Mais bien sûr, il doutait fortement que ce soit le cas.


Si Cass devait reconnaître une qualité immédiate à ses neveux – oh, ils en avaient des tas, elle avait juste tendance à l'oublier lors de leur énième tentative de démonter le frigo ou d'esquiver la corvée d'aspirateur – c'était leur santé et leur force de cheval. Elle ne les avait pour ainsi dire jamais vu tomber malade.

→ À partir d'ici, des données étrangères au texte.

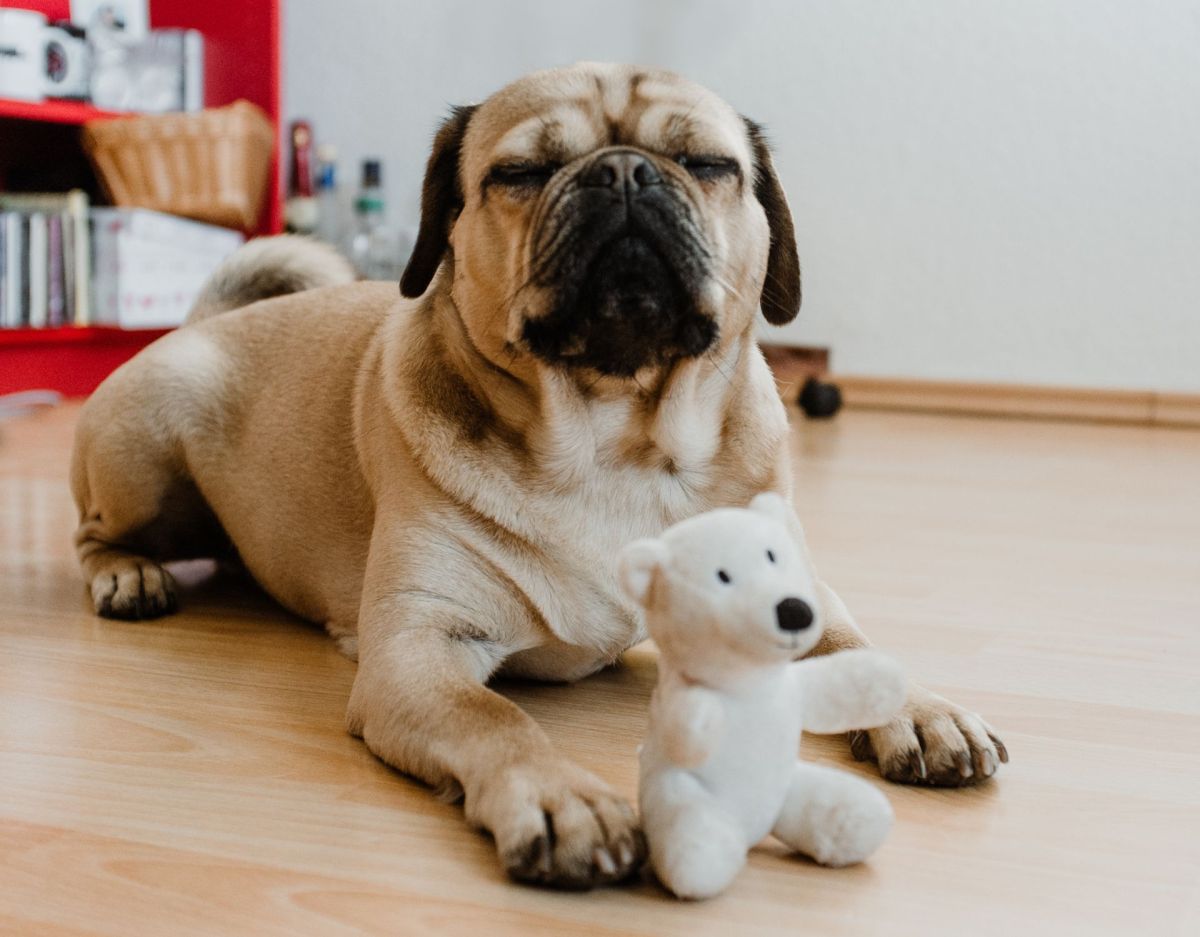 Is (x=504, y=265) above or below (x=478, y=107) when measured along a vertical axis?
below

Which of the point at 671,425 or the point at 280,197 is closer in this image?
the point at 671,425

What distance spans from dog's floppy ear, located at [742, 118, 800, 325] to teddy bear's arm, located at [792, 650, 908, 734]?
725 mm

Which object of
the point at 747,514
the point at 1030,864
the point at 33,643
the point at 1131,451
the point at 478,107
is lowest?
the point at 1131,451

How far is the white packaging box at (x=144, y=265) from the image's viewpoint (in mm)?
4336

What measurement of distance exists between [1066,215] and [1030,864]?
3925 millimetres

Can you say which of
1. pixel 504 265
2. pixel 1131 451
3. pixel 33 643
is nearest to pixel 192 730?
pixel 33 643

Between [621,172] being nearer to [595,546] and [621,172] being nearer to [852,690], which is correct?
[595,546]

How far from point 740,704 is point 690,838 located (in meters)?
0.11

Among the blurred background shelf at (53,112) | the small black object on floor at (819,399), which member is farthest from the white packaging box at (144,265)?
the small black object on floor at (819,399)

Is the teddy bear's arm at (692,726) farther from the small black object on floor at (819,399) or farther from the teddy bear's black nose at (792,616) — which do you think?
the small black object on floor at (819,399)

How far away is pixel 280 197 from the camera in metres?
4.87

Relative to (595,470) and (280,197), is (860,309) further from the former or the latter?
(595,470)

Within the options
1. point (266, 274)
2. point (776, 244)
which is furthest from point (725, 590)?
point (266, 274)

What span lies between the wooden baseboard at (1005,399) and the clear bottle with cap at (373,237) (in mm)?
1482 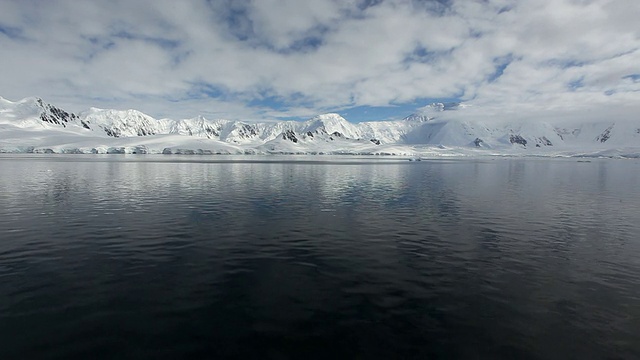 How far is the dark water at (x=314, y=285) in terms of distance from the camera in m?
13.8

(Kikyô avait été comme ça aussi, alors c'était probablement une question d'organisme surnaturel – après tout, les créatures magiques étaient sensées vivre plus longtemps si tout se passait bien, non ?)

Alors quand Tadashi avait décidé sans crier gare d'imiter un glaçon – bon, elle exagérait, mais sérieusement, il avait les doigts et le front glacés – Cass avait naturellement été un brin prise au dépourvu, et plutôt désemparée.

Elle avait décidé d'appliquer les méthodes traditionnelles, consistant à entortiller son neveu adolescent dans ses couettes et de lui servir de la soupe à la tomate chaude, celle avec les vermicelles dedans. Ça paraissait avoir bien marché.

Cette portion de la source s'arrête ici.